-- YOUR GOAL --
Everything from the line with "Een levendige bar" down to the line with "bathroom featuring a chandelier and vanity" below must be printed exactly, those two lines included. Exclude pictures.

-- INFORMATION --
..............................

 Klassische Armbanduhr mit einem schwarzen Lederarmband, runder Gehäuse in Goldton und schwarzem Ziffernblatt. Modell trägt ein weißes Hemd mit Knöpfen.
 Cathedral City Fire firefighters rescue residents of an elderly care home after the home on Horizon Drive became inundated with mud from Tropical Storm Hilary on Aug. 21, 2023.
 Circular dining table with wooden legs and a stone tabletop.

..............................

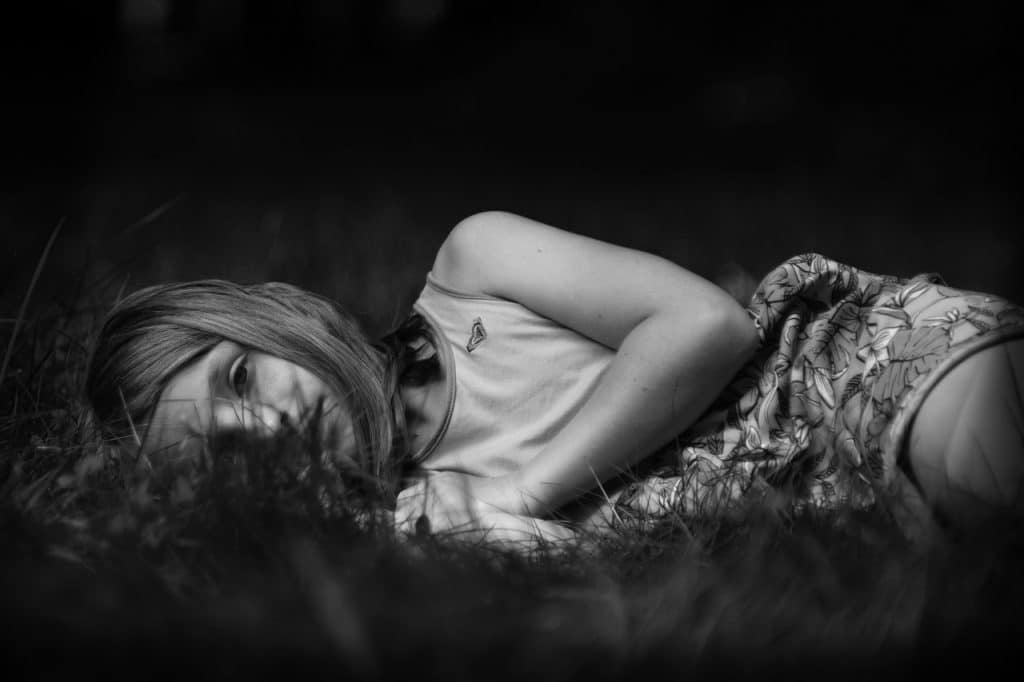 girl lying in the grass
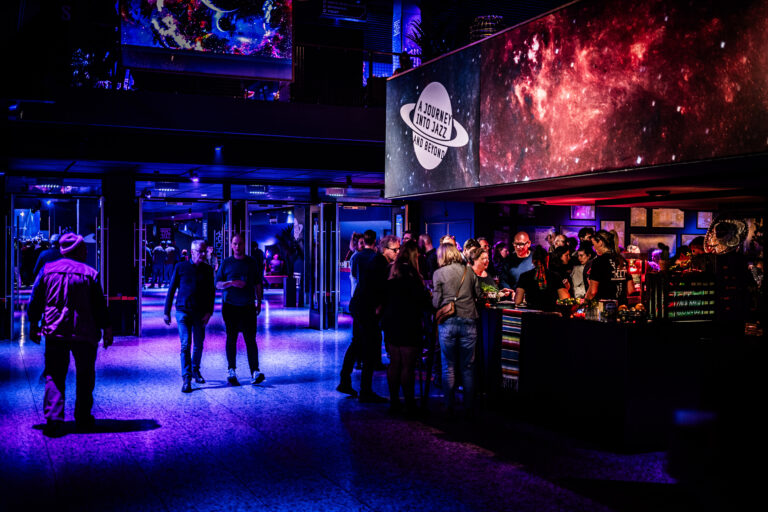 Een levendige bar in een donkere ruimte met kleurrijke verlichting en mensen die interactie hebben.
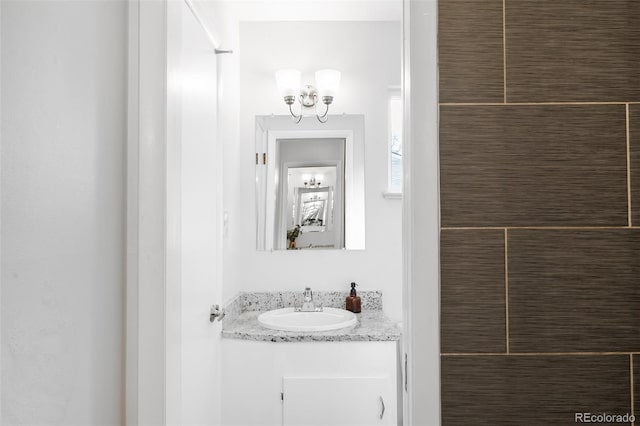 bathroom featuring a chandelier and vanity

..............................

-- FINISHED TASK --
 Een levendige bar in een donkere ruimte met kleurrijke verlichting en mensen die interactie hebben.
 bathroom featuring a chandelier and vanity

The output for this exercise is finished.